I take your point but I think there are times when the narrative -
ostensibly within Wicks's tales - shifts totally out of his ken, and that
it's a bit of a cop-out to say that M & D and their responses and
realisations at this or that point in the text are only "projections" of
Wicks's and thus dismiss them. (After all, Wicks is only a "projection" of
Pynchon's in the first place. And there are examples aplenty of the shift
*beyond* Wicks - an obvious recent one would be when the narrative relates
events in R.C.'s life at home with Phoebe *after* the time of the
expedition, and quite probably after the time of Wicks's tale-telling as
well, at 324-5.) And we've agreed to disagree about Wicks correlation to
Ishmael I think. 

My point is that there are themes and realisations in the text which are at
odds with (the tale-telling) Wicks's viewpoint.
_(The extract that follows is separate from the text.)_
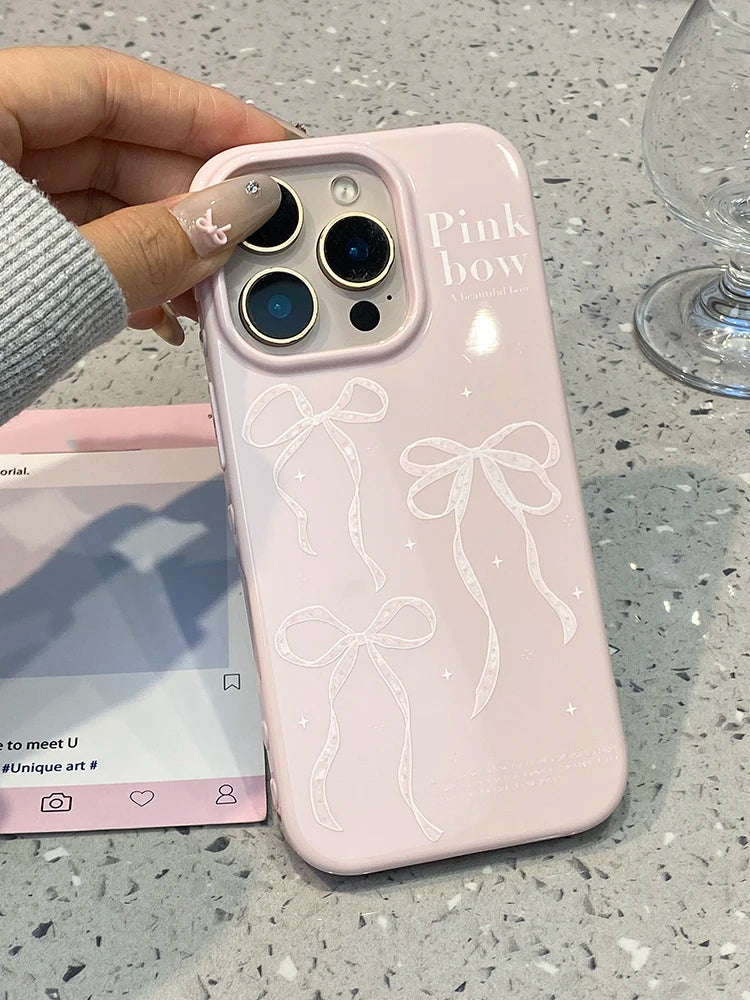 Pink Bow Glossy Protective Phone Case Cover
Certainly Wicks
characterises "young Cherrycoke" within his narratives, and often harshly or
comically, and he's not a totally unsympathetic character at all. However, I
don't think he speaks for the text (in the same way that Ishmael does, for
example). In this instance I can completely understand why Dixon could not
and did not pray at the site of the massacre. How inappropriate would it
have been for him to pray to the slaughterers' "God" for the "souls" of the
slaughtered? I don't think Wicks gets this at all. And no wonder Dixon's own
faith was shaken to the core at that moment. I think that these are things
which Wicks does not realise, even as an older man, complacent and certain
in his own faith, but which the text does take for granted.